* イングリッド・ヘブラー *

 
     
   1926年6月20日、ウィーンで、ポーランド人の両親のもとに生まれ、幼少期から母にピアノを習う。6歳から音楽専門教育を受け、モーツァルテウムに入学。N.マガロフ、M.ロン、S.シュルツに師事。1952年にジュネーヴ国際コンクールで二位に入賞。1954年にミュンヘンラジオ・コンクールで優勝。1969年、モーツァルテウムで教鞭をとるとともに、室内楽奏者としても活躍。グリュミオ、シェリングとモーツアルトのヴァイオリンソナタ等を録音。  
     
   ベートーヴェンのソナタがケンプとバックハウスでステレオタイプに騒がれたパターンで、リリー・クラウスとヘブラーが比較されたのもはるか昔の話となってしまった。あらためてヘブラーを聴いていると、ショパンとモーツァルトが両立しない理由が見えたような気がした。モーツアルトはピアノを打楽器の枠に留めているようで、ひとつひとつの単位旋律ごとに終結させて、縦割り構造の集合体のような音楽を作っているように思える。ルバートは横につながった構造の中で意義をもってくるものだから、縦割りユニットの整然とした構造ではそぐわないものになる。
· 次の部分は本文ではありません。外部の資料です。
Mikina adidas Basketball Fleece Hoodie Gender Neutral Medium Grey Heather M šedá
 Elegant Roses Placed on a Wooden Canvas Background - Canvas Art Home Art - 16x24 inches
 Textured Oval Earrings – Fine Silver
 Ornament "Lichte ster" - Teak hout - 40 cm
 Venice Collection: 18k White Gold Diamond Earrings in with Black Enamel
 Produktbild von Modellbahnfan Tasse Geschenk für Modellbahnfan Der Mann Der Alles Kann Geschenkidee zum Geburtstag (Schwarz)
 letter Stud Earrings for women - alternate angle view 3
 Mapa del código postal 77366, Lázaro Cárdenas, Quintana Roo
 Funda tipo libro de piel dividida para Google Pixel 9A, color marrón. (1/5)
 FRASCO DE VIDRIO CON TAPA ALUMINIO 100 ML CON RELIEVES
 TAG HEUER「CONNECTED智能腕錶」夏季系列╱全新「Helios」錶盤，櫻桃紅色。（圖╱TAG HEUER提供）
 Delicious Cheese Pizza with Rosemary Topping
このあたりがショパンとモーツアルトで180度違ってくるところのようで、ヘブラーの奏法は高音域に積極性を持たせて一音一音を磨き上げたパーツを描くため、モーツアルトにはぴったりはまるけれどショパンでは堅苦しくなっているように感じる。シューベルトのソナタでは、留まる所を知らず流れあふれ出る音楽に、彼女の構造的奏法が、メリハリをつけて魅力あるものにしている。また彼女の音色設定が左手の役割分担を伴奏として明白化しているようで、バッハでは変幻自在な世界を狭めているようにも聴こえる。彼女のスカルラッティを聴いてみたい。